The task - Below are some records. Quote exactly the lines from the one that contains "Warrior Women" through the last, both included, and leave out the pictures.

#### Exercise material

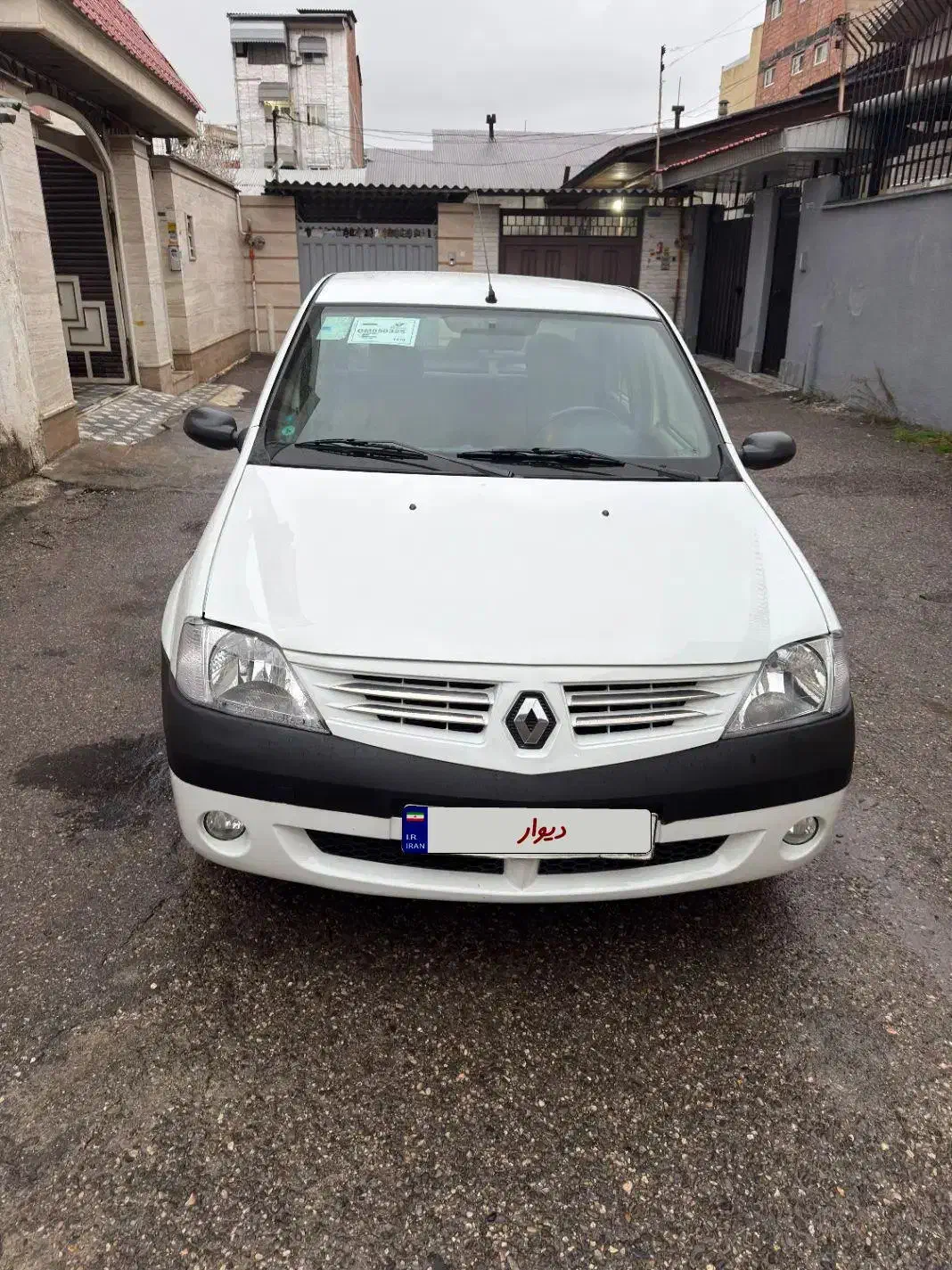 خودرو|خودرو سواری و وانت|قائم‌شهر, |دیوار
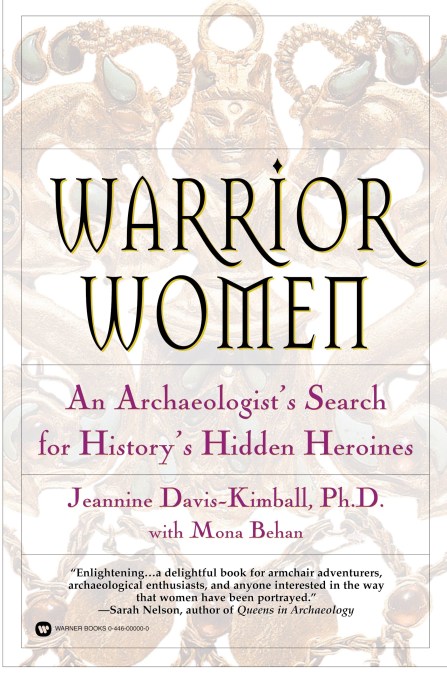 Warrior Women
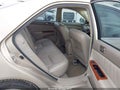 Photo 8 of 16 — 2003 Toyota Camry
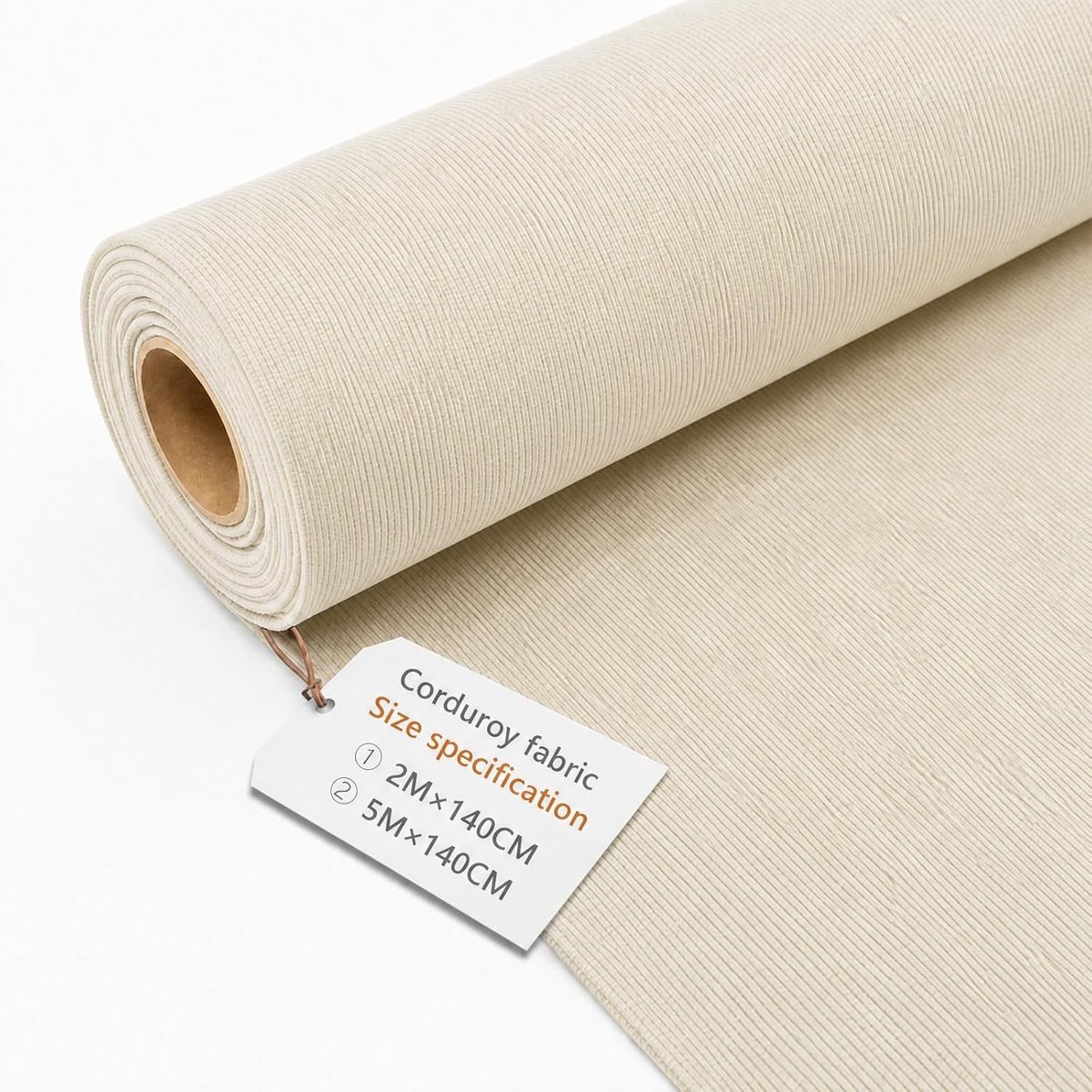 Bekledingsstof voor meubels, naaistof, corduroy, decoratieve gordijnstof en stoffen voor interieurdecoratie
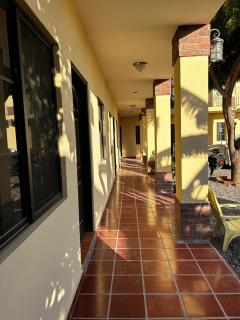 Villas Las Tunas - Todos Santos - 6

########

Solution below -
 Warrior Women
 Photo 8 of 16 — 2003 Toyota Camry
 Bekledingsstof voor meubels, naaistof, corduroy, decoratieve gordijnstof en stoffen voor interieurdecoratie
 Villas Las Tunas - Todos Santos - 6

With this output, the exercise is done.